*Task statement*. In your copy of the data, include no pictures and alter nothing else.

*Data to use*.
===

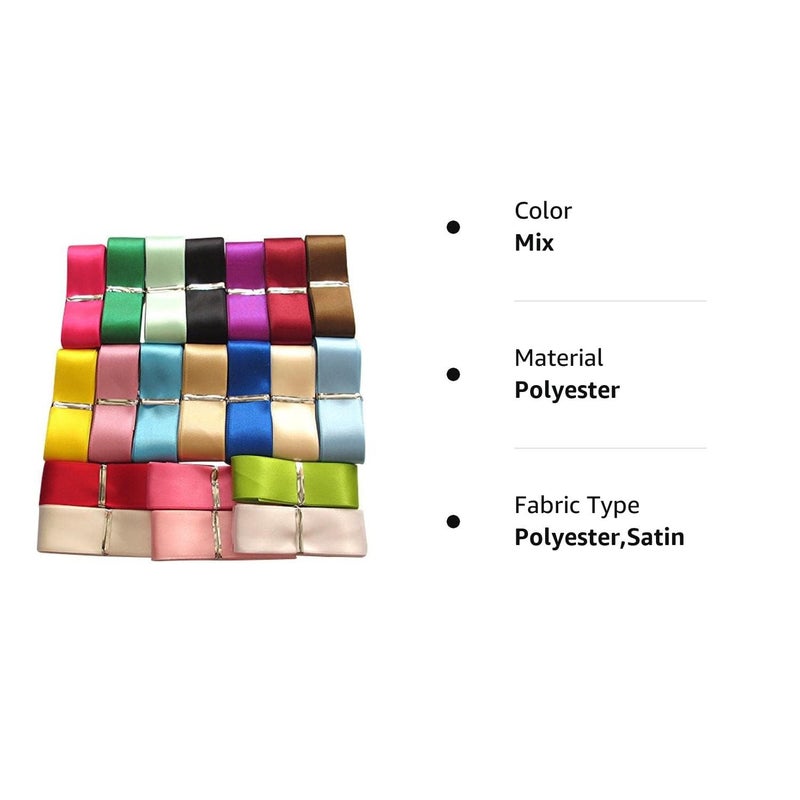 Chenkou Craft 1"(25mm) 20Yards Single Face Solid Satin Polyester Ribbon 20 Colors Assorted Bulk Lots Mix (1", Mix) - Image 2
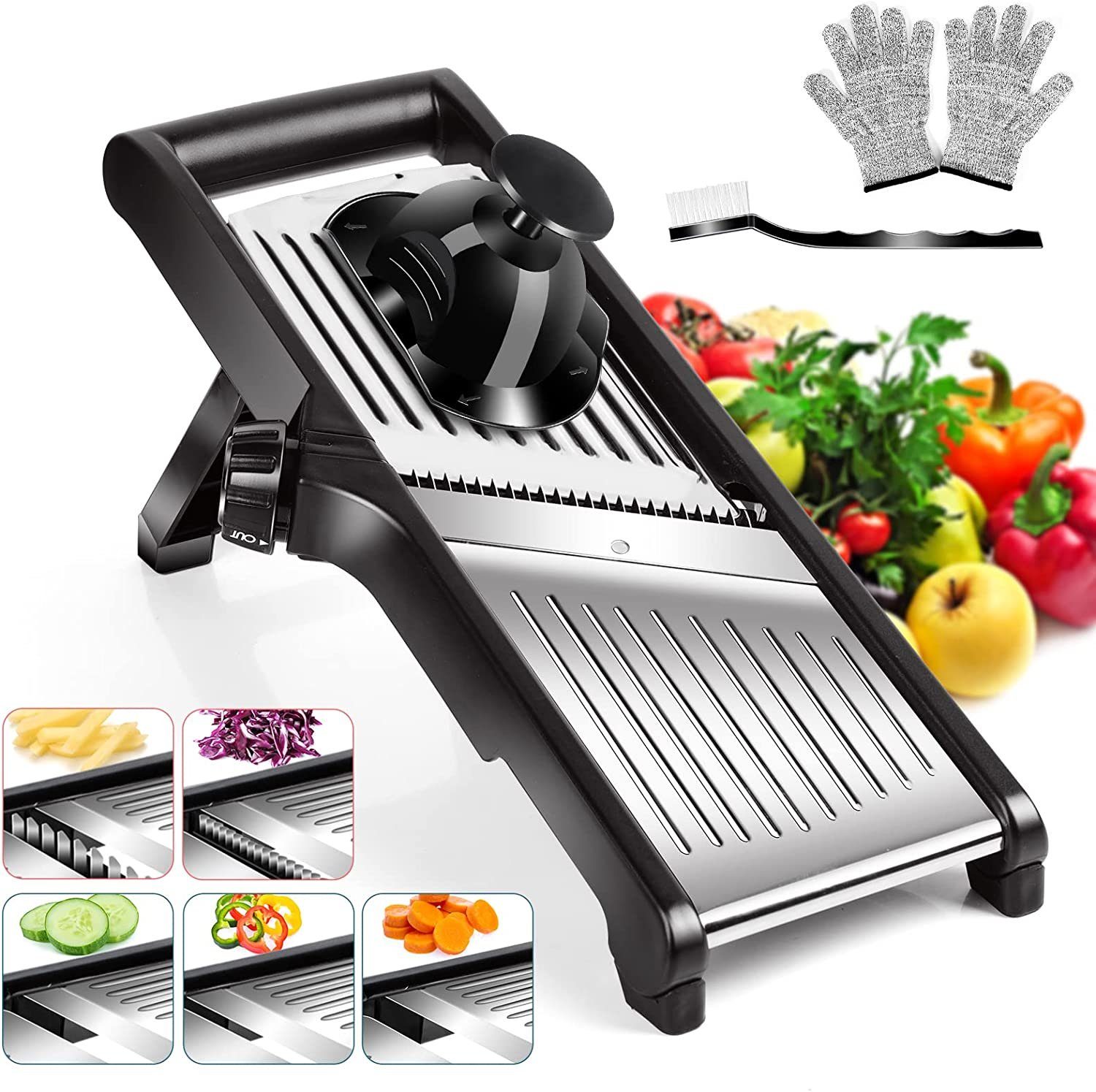 Bedee Gemüsehobel Verstellbarer Küchenreibe Julienne-Schneider, Kunststoff + Edelstahl, (Set, 1-St., Für Gemüse - Gemüse Schneider), Food Slicer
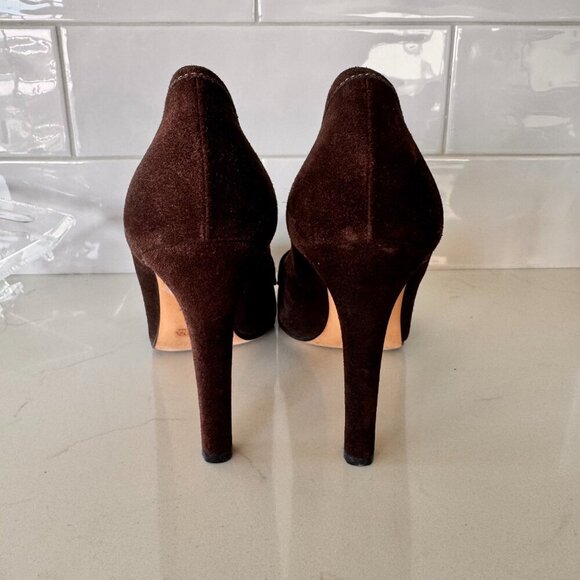 Vintage Prada Brown Suede Pumps - Picture 3 of 7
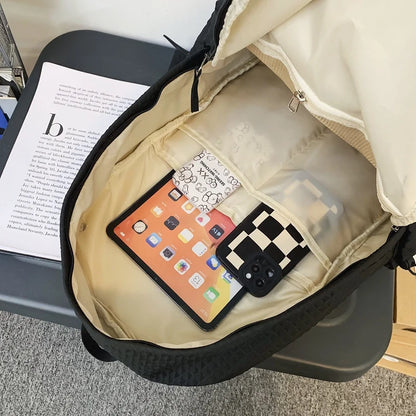 New Women Male Trendy Backpack Men Female Black Travel Book Bag Fashion Lady Laptop College Backpack Girl Boy Leisure School Bag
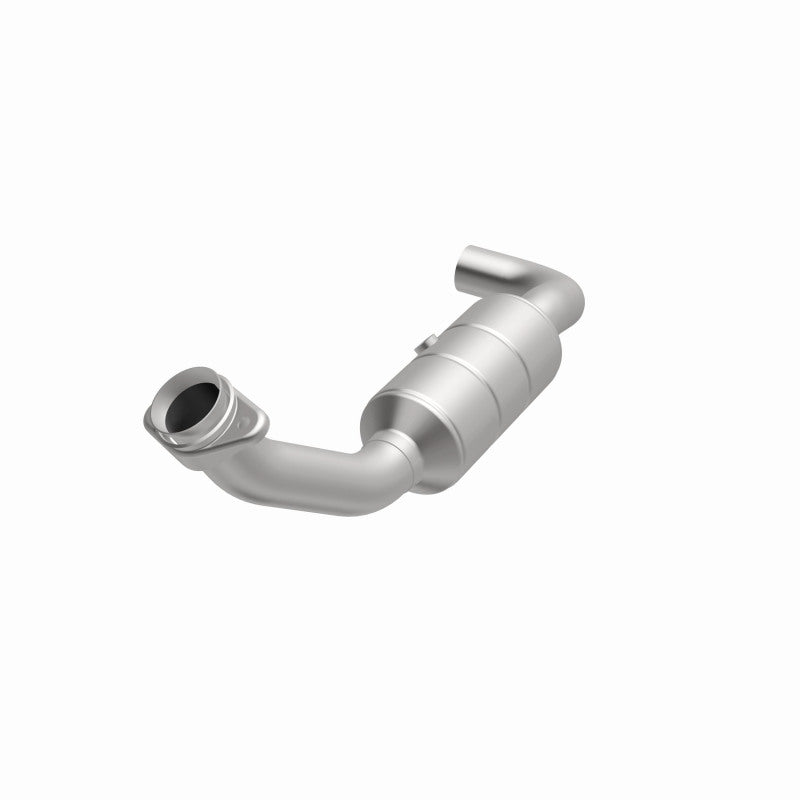 MagnaFlow 5451409 carb direct-fit catalytic converter, opposite front three-quarter view of the turntable spin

===

*Response to this task*.
 Chenkou Craft 1"(25mm) 20Yards Single Face Solid Satin Polyester Ribbon 20 Colors Assorted Bulk Lots Mix (1", Mix) - Image 2
 Bedee Gemüsehobel Verstellbarer Küchenreibe Julienne-Schneider, Kunststoff + Edelstahl, (Set, 1-St., Für Gemüse - Gemüse Schneider), Food Slicer
 Vintage Prada Brown Suede Pumps - Picture 3 of 7
 New Women Male Trendy Backpack Men Female Black Travel Book Bag Fashion Lady Laptop College Backpack Girl Boy Leisure School Bag
 MagnaFlow 5451409 carb direct-fit catalytic converter, opposite front three-quarter view of the turntable spin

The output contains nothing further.